(Provided material):
Content starts

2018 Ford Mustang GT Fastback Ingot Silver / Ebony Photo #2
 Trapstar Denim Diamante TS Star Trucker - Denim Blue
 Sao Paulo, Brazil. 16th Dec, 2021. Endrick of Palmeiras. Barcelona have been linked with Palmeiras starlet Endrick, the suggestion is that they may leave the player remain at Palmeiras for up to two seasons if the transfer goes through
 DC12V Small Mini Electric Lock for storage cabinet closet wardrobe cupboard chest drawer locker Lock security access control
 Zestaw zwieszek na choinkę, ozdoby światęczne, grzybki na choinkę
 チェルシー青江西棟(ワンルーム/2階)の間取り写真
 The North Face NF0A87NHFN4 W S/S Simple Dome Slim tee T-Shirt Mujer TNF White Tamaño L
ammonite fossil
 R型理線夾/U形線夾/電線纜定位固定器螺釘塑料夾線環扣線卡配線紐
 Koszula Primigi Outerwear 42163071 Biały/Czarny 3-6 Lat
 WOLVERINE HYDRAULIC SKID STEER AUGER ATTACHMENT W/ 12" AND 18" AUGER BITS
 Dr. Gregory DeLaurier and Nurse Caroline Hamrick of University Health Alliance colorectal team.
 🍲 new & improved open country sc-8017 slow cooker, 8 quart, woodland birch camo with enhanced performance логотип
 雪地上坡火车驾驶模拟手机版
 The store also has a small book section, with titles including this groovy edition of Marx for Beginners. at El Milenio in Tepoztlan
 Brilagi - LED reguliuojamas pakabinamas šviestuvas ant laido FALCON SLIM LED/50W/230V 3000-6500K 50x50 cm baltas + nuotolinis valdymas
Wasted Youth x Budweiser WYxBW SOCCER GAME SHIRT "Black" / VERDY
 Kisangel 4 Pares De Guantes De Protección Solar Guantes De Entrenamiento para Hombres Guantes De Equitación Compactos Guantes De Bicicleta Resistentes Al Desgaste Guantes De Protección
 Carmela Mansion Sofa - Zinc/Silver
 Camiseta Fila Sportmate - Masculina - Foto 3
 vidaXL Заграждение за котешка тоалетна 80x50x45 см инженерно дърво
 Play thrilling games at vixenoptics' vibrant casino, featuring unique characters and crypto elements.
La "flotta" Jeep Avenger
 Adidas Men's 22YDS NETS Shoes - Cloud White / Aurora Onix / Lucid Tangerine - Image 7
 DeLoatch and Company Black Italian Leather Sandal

Content ends

(What the task asks):
In the listing above, locate the line containing "ammonite fossil" and the line containing "vidaXL Заграждение за", then transcribe both and every line between them verbatim.

(Task result):
ammonite fossil
 R型理線夾/U形線夾/電線纜定位固定器螺釘塑料夾線環扣線卡配線紐
 Koszula Primigi Outerwear 42163071 Biały/Czarny 3-6 Lat
 WOLVERINE HYDRAULIC SKID STEER AUGER ATTACHMENT W/ 12" AND 18" AUGER BITS
 Dr. Gregory DeLaurier and Nurse Caroline Hamrick of University Health Alliance colorectal team.
 🍲 new & improved open country sc-8017 slow cooker, 8 quart, woodland birch camo with enhanced performance логотип
 雪地上坡火车驾驶模拟手机版
 The store also has a small book section, with titles including this groovy edition of Marx for Beginners. at El Milenio in Tepoztlan
 Brilagi - LED reguliuojamas pakabinamas šviestuvas ant laido FALCON SLIM LED/50W/230V 3000-6500K 50x50 cm baltas + nuotolinis valdymas
Wasted Youth x Budweiser WYxBW SOCCER GAME SHIRT "Black" / VERDY
 Kisangel 4 Pares De Guantes De Protección Solar Guantes De Entrenamiento para Hombres Guantes De Equitación Compactos Guantes De Bicicleta Resistentes Al Desgaste Guantes De Protección
 Carmela Mansion Sofa - Zinc/Silver
 Camiseta Fila Sportmate - Masculina - Foto 3
 vidaXL Заграждение за котешка тоалетна 80x50x45 см инженерно дърво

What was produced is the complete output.